More products beyond Bitcoin, including what BofA analysts called “altcoins,” short for alternative coins. There are currently more than 11,500 of these coins, and three of them — Ether, Cardano and Binance Coin — are the most popular and have exploded in value year-to-date, ranging from a 365% gain for Ether and over 1,100% for the Cardona (1,427%) and Binance Coin (1,142%).

An extended use of blockchain, the record-keeping technology behind Bitcoin and other cryptocurrency networks, in applications for decentralized finance, digital identity and supply chain tracking. Decentralized finance (DeFi) allows users to access financial products and services, such as lending, borrowing, insurance and trading, without relying on a traditional financial institution.

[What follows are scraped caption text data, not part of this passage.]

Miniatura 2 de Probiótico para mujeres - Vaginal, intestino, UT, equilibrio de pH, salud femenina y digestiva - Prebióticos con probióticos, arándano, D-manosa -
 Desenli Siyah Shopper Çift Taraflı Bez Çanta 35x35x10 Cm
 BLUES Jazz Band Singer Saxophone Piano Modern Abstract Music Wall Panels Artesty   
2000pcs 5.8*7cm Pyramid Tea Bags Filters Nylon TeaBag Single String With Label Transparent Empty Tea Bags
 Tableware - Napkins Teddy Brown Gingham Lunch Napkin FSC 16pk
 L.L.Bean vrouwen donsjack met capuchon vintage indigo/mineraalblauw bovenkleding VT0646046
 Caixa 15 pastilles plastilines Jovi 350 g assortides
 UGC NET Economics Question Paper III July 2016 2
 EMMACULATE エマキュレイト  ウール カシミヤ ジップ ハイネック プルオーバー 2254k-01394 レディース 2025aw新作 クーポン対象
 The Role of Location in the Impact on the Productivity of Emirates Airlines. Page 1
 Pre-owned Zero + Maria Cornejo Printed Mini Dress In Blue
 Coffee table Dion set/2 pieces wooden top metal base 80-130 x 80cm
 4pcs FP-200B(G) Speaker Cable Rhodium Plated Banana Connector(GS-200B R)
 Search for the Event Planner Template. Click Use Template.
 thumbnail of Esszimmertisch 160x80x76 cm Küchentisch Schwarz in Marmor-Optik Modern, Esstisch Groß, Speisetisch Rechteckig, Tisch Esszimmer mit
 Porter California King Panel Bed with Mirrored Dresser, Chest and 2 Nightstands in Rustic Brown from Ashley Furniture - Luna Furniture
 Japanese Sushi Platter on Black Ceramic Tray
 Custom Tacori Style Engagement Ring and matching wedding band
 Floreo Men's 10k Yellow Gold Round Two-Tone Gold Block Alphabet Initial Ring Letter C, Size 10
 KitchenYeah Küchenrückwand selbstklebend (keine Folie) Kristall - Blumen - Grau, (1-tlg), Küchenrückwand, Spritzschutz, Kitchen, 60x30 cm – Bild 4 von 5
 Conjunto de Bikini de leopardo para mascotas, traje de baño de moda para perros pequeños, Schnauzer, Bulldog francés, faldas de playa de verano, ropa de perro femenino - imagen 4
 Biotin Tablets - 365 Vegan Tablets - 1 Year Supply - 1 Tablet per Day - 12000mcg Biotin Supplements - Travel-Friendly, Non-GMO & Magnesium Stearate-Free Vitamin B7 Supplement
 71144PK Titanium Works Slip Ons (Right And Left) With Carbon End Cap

NFTs, unique cryptographic tokens that exist on a blockchain and cannot be replicated, are a key example of the digital identity uses of blockchain, allowing artists and musicians to retain ownership of their digitized assets and the rights to continuously resell them.

Central bank digital currency (CBDC) activity has been increasing significantly, according to BofA. The Federal Reserve plans to launch a review of the benefits and risks of issuing a CBDC within days, while China and Europe’s central banks are already studying the issue. To date, only five countries have CBDCs, and they’re all in the Caribbean. El Salvador has adopted Bitcoin as legal tender.

Plans for shifting to greener energy mining. These plans could potentially make crypto assets more attractive to investors and consumers who believe that production of these uses up too much energy for too little benefit and contributes to climate change.

According to the BofA report, Bitcoin production consumes about 91 terawatt hours of electricity a year, more than is used by Finland, which has 5.5 million people. (A recent Cambridge Bitcoin Electricity Consumption Index update says Bitcoin using 102.43 terawatt hours of electricity, almost as much as the electricity use (110.7 terawatt hours) of the Netherlands, which has more than 17 million people.)

Risks for Digital Assets Growth: Regulatory and Technology-Based

The flip side of these bullish signs for the continued growth of the crypto ecosystem are the regulatory and technological risks that the crypto universe is facing.

On the regulatory side are crackdowns on crypto trading in India and China, which recently banned all cryptocurrency transactions and any citizens from working for crypto-related companies and concerns that the U.S. and other governments will require greater anti-money laundering and know-your-customer disclosures by DeFi companies as well as larger reserve requirements.

Perhaps most important, the U.S. Securities and Exchange Commission could prevent the formation of crypto exchange-traded funds (ETFs), which crypto enthusiasts have been craving. (More than a dozen such applications have been filed with the SEC.)

As to risks involving technology, the BofA report lists the possibility that the underlying blockchain technology won’t scale effectively, that software bugs could cause smart contracts to fail and that hacking or fraud involving current adopters of DeFi with limited recourse could cause other current and potential adopters to revert to doing business with traditional financial institutions.

Other tech-related risks include the potential failure of stablecoins pegged to fiat currencies,  which could create a liquidity shock.